A project I hope to get to soon after I stop my Milton studies for a bit is to read
Epithalamion (which I have in a black Penguin of Spenser's shorter verse) and a study of it called
Short Time's Endless Monument, which deals with the numerical symbolism in the poem. The study is by A. Kent Hieatt. C. S. Lewis read the book for the press. Constance Hieatt, to whom
Short Time's Endless Monument is dedicated, wrote an essay on the text of Tolkien's
Hobbit.
By the way, a comment on the cooling of the friendship between Tolkien and Lewis. (They didn't come to dislike one another, but were eventually less close.) I speculate that one element may have been Lewis's love of allegory and particularly that of Spenser. When they first became friends, they shared a fascination for the Icelandic sagas. But Lewis had always loved allegorical romance, of which Spenser is perhaps the greatest author of them all. Tolkien, meanwhile, claimed to dislike allegory (even though he wrote it himself at times); it compromised, or to him seemed to compromise, that air of an imaginary world's independent existence on its own that he prized so dearly. Perhaps I'm not putting this well, but I wonder if the friendship had to diminish a bit in order for Lewis to experience that full flowering, in his last 15 years or so, of the allegorical interest. On the one hand Lewis wrote the Narnian books, which actually I don't think are allegories but which have some affinity with Spenser, and on the other hand Lewis wrote a lot about Spenser in those remaining years (he died 1963). By or before the time the friendship "cooled," Lewis had done his very, very great work -- for us all -- as regards Tolkien, in that he had midwifed
Lord of the Rings to completion (1949). That done, basically, Lewis launched -- I think in or around 1949 -- the writing of his own Narnian books, which Tolkien did not like. What didn't he like? He specified the "mixing" of elements: in the first book you have Father Christmas, talking animals, a witch like something out of George MacDonald, and Classical Greek beings.
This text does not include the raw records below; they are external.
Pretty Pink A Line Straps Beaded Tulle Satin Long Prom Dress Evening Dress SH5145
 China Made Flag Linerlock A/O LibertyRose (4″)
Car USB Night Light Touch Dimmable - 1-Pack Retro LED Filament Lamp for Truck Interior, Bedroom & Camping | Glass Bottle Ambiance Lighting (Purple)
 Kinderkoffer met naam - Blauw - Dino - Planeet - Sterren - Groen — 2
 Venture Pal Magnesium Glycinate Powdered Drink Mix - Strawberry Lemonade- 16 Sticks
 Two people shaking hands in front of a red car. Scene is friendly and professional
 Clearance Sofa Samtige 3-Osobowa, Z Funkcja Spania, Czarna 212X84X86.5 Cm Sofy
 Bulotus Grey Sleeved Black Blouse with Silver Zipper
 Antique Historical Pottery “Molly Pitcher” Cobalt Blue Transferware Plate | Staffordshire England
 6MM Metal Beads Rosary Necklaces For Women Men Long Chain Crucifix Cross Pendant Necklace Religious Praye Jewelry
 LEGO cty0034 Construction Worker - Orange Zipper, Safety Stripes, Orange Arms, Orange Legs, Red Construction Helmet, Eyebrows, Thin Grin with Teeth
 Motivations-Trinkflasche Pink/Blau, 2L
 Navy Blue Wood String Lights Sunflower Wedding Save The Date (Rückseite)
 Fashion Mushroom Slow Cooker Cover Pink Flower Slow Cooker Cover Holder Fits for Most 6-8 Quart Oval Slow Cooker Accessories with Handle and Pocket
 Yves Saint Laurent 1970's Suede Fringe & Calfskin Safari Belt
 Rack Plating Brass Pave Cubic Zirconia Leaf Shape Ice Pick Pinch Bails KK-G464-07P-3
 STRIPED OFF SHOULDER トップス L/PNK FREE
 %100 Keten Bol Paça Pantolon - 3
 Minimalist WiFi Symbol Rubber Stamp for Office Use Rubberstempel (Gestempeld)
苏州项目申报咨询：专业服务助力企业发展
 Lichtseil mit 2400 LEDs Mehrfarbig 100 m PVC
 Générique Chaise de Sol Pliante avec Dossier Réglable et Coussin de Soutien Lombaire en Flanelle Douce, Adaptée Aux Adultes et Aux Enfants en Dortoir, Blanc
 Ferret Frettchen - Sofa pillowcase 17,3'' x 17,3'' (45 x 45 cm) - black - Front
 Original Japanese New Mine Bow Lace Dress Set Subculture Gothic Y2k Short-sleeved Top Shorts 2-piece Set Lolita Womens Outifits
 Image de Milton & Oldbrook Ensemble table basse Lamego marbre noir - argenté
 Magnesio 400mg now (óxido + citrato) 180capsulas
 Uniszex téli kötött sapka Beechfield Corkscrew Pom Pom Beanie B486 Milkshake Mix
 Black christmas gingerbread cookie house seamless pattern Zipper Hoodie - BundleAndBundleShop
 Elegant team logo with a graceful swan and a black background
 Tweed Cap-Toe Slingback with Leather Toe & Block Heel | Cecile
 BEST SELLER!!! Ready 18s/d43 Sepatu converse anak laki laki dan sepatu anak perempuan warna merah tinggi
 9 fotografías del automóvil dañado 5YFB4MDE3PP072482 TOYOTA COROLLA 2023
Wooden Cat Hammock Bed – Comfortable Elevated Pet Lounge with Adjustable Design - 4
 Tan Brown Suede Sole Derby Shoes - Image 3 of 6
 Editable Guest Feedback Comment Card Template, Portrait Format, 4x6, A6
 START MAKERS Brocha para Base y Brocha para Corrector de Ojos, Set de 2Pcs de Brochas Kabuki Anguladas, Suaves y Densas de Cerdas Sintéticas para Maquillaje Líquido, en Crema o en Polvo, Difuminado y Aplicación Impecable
It won't do! Tolkien thought. Well, it would not do in Middle-earth, but this is the sort of thing Spenser did in the FQ. I don't mean that Lewis said to himself, consciously:
All right, I have held my love of allegorical adventure in abeyance for a 12-year* hiatus, till we got Tolkien to finish his great book. Now I get to write what I like! And yet if you look at the chronology it is almost as if something like that happened.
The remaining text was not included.